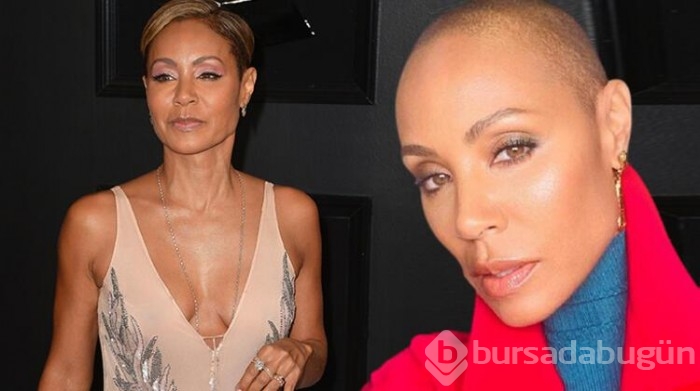 Jada Pinkett Smith sağlık sorununu anlattı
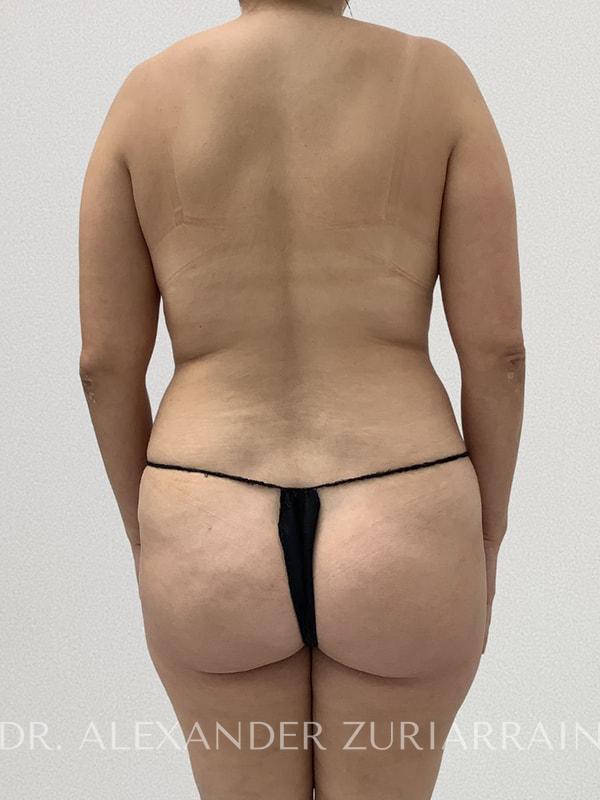 Lipo360 before & after photo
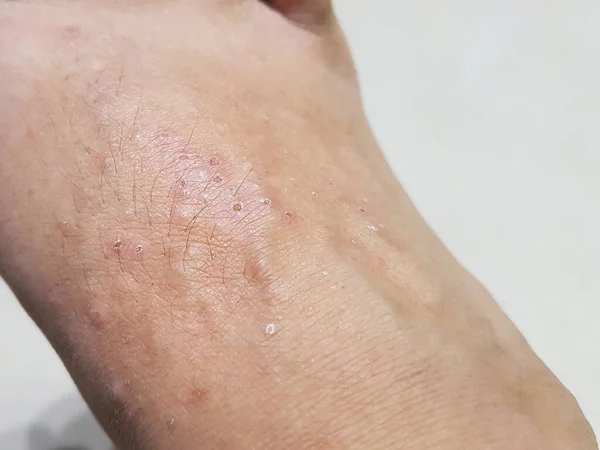 Dermatosis Foot Skin Sweat Allergic Causes Itchy Scratch Close View — ストック写真
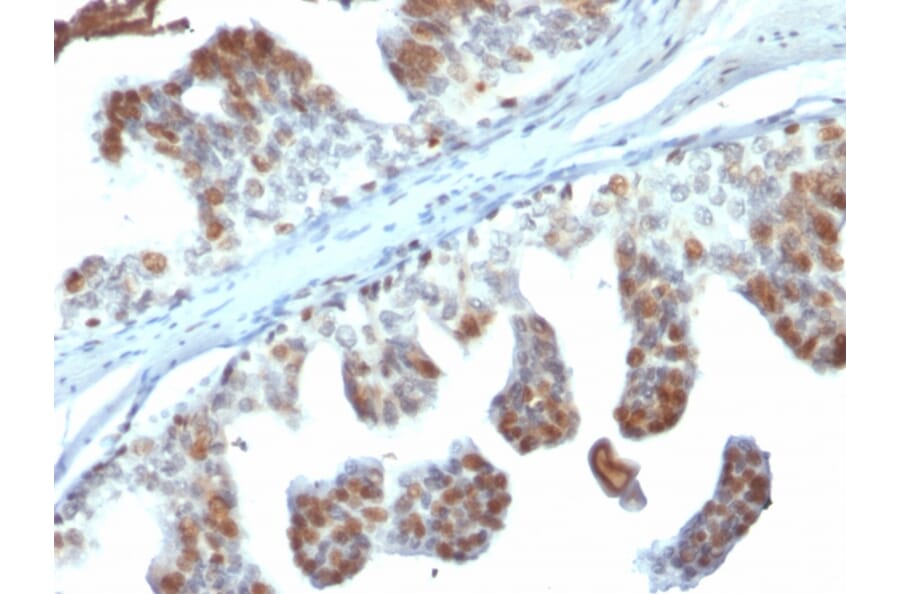 Immunohistochemistry - Anti-PTEN Antibody [PTEN/2110] - BSA and Azide free (A252815) - Antibodies.com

■ **WORK TO COMPLETE**:
The reply has to reproduce every line above verbatim and contain no pictures.

■ **EXERCISE RESULT**:
 Jada Pinkett Smith sağlık sorununu anlattı
 Lipo360 before & after photo
 Dermatosis Foot Skin Sweat Allergic Causes Itchy Scratch Close View — ストック写真
 Immunohistochemistry - Anti-PTEN Antibody [PTEN/2110] - BSA and Azide free (A252815) - Antibodies.com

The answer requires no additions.